It seems that nowadays the hero (usually) or villain has no residual effect on what they have done or what has happened to them. If they do, in most cases, it isn’t long lasting and hardly has any effect on the story in the long run. That I don’t get. I understand that the heroes I’m talking about are larger than life and in that can deal with anything and everything thrown at them. I get it, but I don’t like it. It’s not enough. To me, if there is an emotional tie, it makes the character that much more interesting.
My two favorite comic book character are without doubt Magneto and Batman. I know, I know, everybody likes Batman: Playboy billionaire by day, masked vigilante by night. No powers, but can beat Supes (strongest character in that universe) in a fight using nothing but his will and intelligence. What’s not to like? I like Batman and Mags (I going to refer to Magneto as that from here on in.) however, because they were molded into those larger than life beings by the TRAUMA they went through. Young Bruce saw his parents murdered whist helpless to do anything about it, as Mags (Erik Lehnsherr) who not only survived the attempted genocide of the Jewish faith (the Holocaust), but also the bigotry of mutant persecution which caused the death of his wife and love of his life Magda. Seriously, who wouldn’t be able to at worst SYMPATHIZE with Mags and why he is the way he is. These traumas in their lives are what give them the will to fight whatever fight they have. In that they are so much more interesting than most character s in comic books today.
I wanted my protagonist to not know where the line is and in sometimes cross it. The events that happen in his life have profoundly affected him in a way where he is so focused on what he believes is the right thing to do, he misses whether he should do it or not. The reason of the immaturity in his actions are a result of that trauma happening early on in his life and only having sporadic moments of guidance. In short, he has to figure things out by himself as he goes on, not making the wisest decisions because of that fact.

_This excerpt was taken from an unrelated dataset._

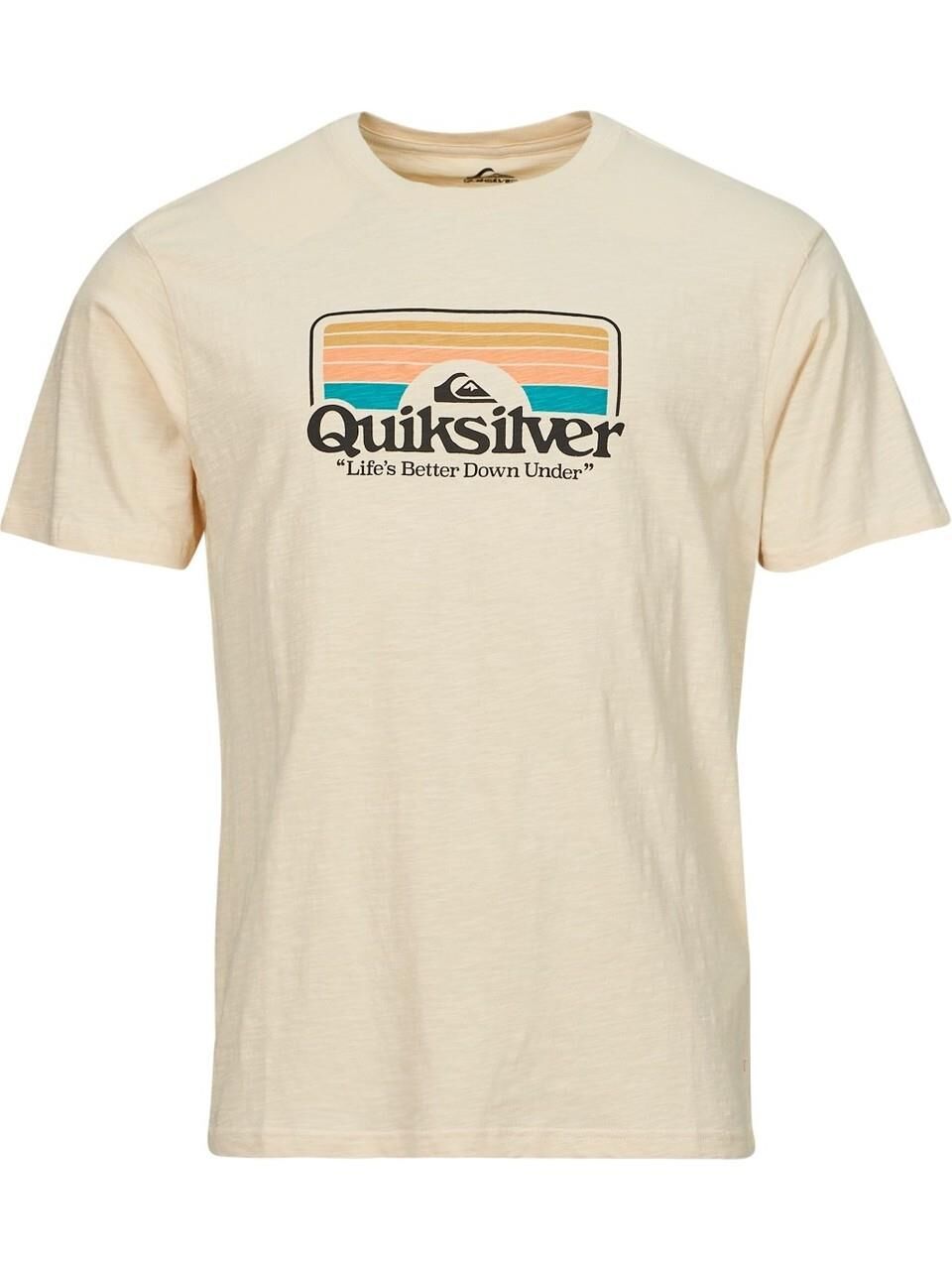 QUIKSILVER STEP INSIDE SS ERKEK KISA KOL T-SHIRT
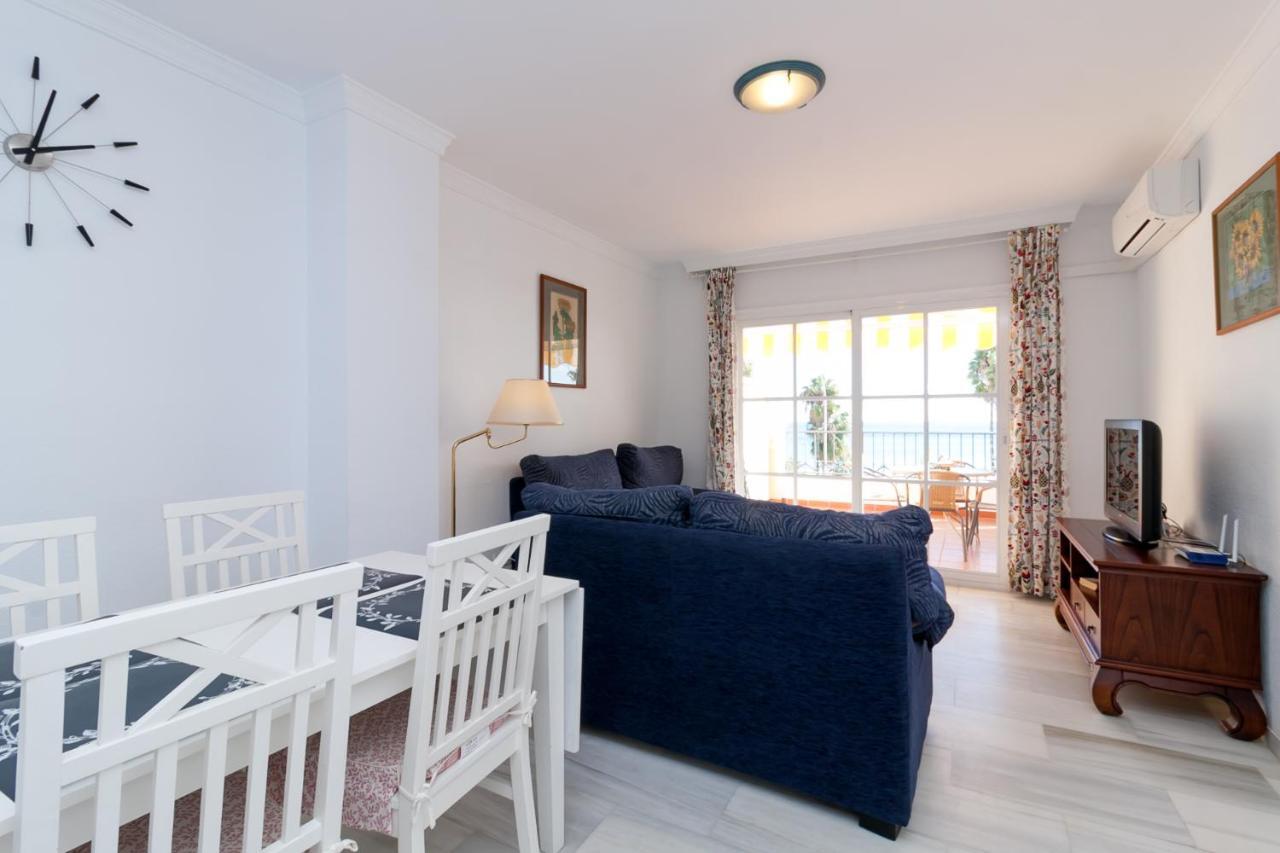 Burriana Playa Carmona Nerja Apartment Bagian luar foto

In the end, Sons of Fate could be called a morality tale. There are consequences, and those consequences not only play out to those involved, but also have a long lasting and far-reaching effect. There are lessons to learn. I wouldn’t call it a morality tale however. To me it is just a life in the lives of many. A situation we all face (although not a grand and far reaching. To me, it is life. An ordinary story wrapped in a Western Samurai Epic.